With regard to the second, third and fourth circumstances, the complaint fails to allege facts to support a finding that Defendant had exclusive knowledge of material facts not known to Plaintiff, that Defendant actively concealed a material fact or that Defendant made partial representations to Plaintiff while suppressing material facts. 

 

With regard to Defendant’s exclusive knowledge, Plaintiff has alleged facts indicating that information regarding the alleged defect were publicly available through a National Transportation Safety Board report, news stories, complaints to the National Highway Transportation Safety Association (NHTSA), and Technical Service Bulletins (TSBs) before Plaintiff’s purchase of the Vehicle.  (See Complaint ¶¶29-64).  Additionally, the sources which Plaintiff contend gave Defendant “exclusive knowledge” of a defect do not include complaints to NHTSA or a TSB referencing a 2022 Honda Accord.  Even if a TSB had been issued regarding the purported defect at issue in this case, such cannot automatically be construed as an admission of a design or other defect.  See American Honda Motor Co. (2011) 199 CA4th 1367, 1378. 

 

Plaintiff’s reliance on Falk (N.D. Cal. 2007) 496 F.Supp.2d 1088, 1096-97 for the proposition Defendant had exclusive knowledge of the alleged defect is misplaced for several reasons.  First, Falk was a federal putative Consumer Legal Remedies Act (CLRA) class action dealing with defective speedometers.  Second, the decision predates the public availability of the NHTSA database for TSBs as required by law in 2012.  Third, multiple federal cases have declined to follow Falk.  See Grodzitsky 2013 WL 690822, at *7; Eisen 2012 WL 841019, at *3; Cheng 2013 WL 12133886, at *4 (finding that Falk pre-dates the Ninth Circuit’s decision in Wilson (9th Cir. 2012) 668 F.3d 1136, 1147 which discussed and declined to follow Falk); Morgan 2009 WL 2031765, at *5; Williams (C.D. Cal. 2015) 106 F.Supp.3d 1101, 1114.  Similarly, Plaintiff’s reliance on In re Toyota Motor Corp.
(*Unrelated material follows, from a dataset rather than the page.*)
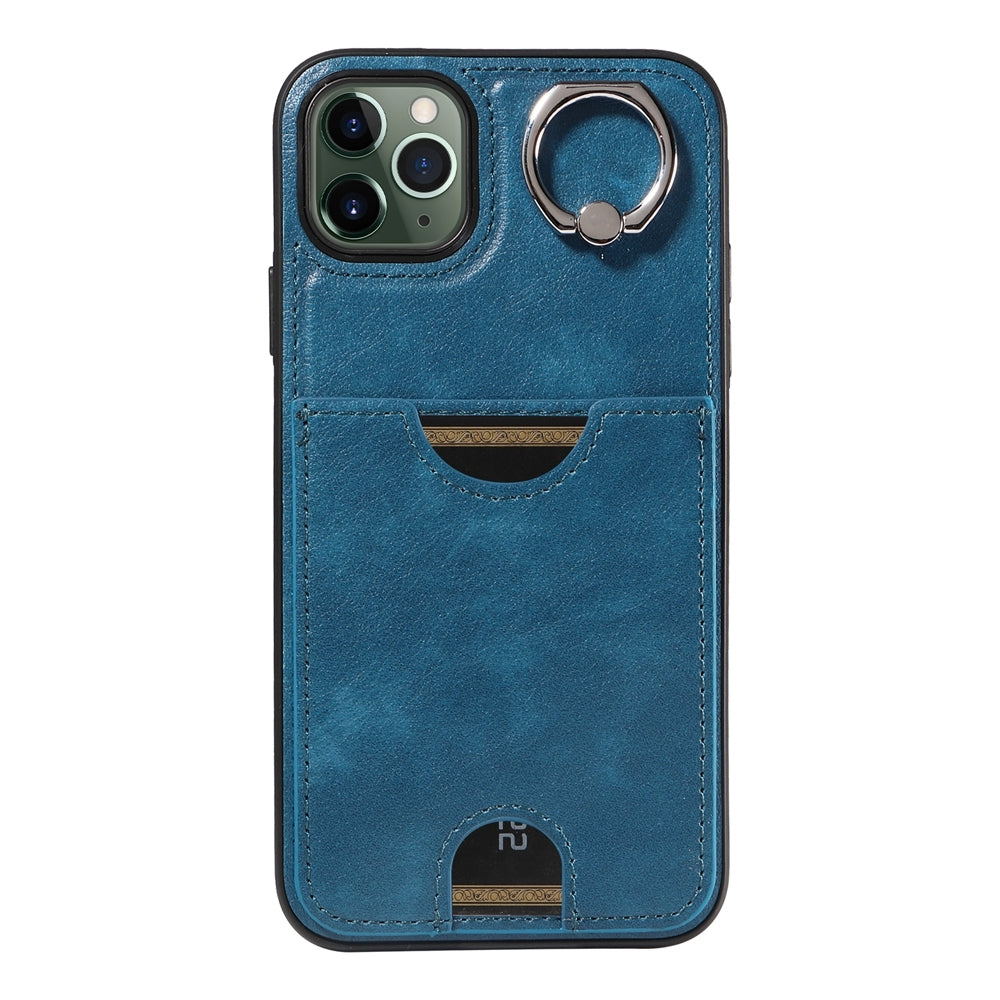 iPhone 11 Pro Max Calf Texture Phone Case with Card Slot & Ring Holder - Durable & Stylish Protection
Unintended Acceleration Marketing, Sales Practices, & Products Liability Litigation (C.D. Cal. 2010) 754 F.Supp.2d 1145, 1174, 1192, is misplaced as it is another class action with CLRA claims.   

 

With regard to active concealment and partial representations while suppressing material facts, as noted above, Plaintiff has failed to establish that Defendant definitively knew about the purportedly concealed information such that Defendant could have actively/intentionally concealed or suppressed it.  (See Complaint ¶¶23, 44). 

 

Plaintiff has also failed to allege sufficient facts to establish that his fraudulent inducement – concealment claim is not barred by the “economic loss rule.”  “[T]he economic loss rule allows a plaintiff to recover in strict products liability in tort when a product defect causes damage to ‘other property,’ that is, property other than the product itself.  The law of contractual warranty governs damage to the product itself.”  Robinson Helicopter Co., Inc. (2004) 34 C4th 979, 989 citing Jimenez (2002) 29 C4th 473, 482-483.  A narrow exception to the “economic loss rule” exists where “a defendant’s affirmative misrepresentations on which a plaintiff relies and which expose a plaintiff to liability for personal damages independent of the Plaintiffs’ economic loss.”  Robinson Helicopter, supra at 993; In re Ford Motor Co. (C.D. Cal. 2020) 483 F.Supp.3d 838, 848.  Here, the fraud claim is based on purported concealment, not affirmative misrepresentations and seeks recovery for economic loss associated only with the Vehicle.  Therefore, the claim is barred by the “economic loss rule.”  See Mosqueda (C.D. Cal. 2020) 443 F.Supp.3d 1115, 1134.

 

Plaintiff has failed to cite adequate binding authority to support his position.  Plaintiff relies heavily on Dhital (2022) 84 CA5th 828 which is not binding as a petition for review has been granted.  See CRC 8.1115(e)(1).

 

The opposition to the motion to strike concedes that the punitive damage claim is based on the fraudulent inducement – concealment cause of action.  Since that cause of action fails, so does the related prayer for punitive damages.   

 

CONCLUSION

 

The demurrer is sustained and the motion to strike is granted, both with 30 days leave to amend.  Due to the liberal policy of allowing leave to amend and since this is only the original complaint, Plaintiff is given the opportunity to try to cure the defects in his pleading.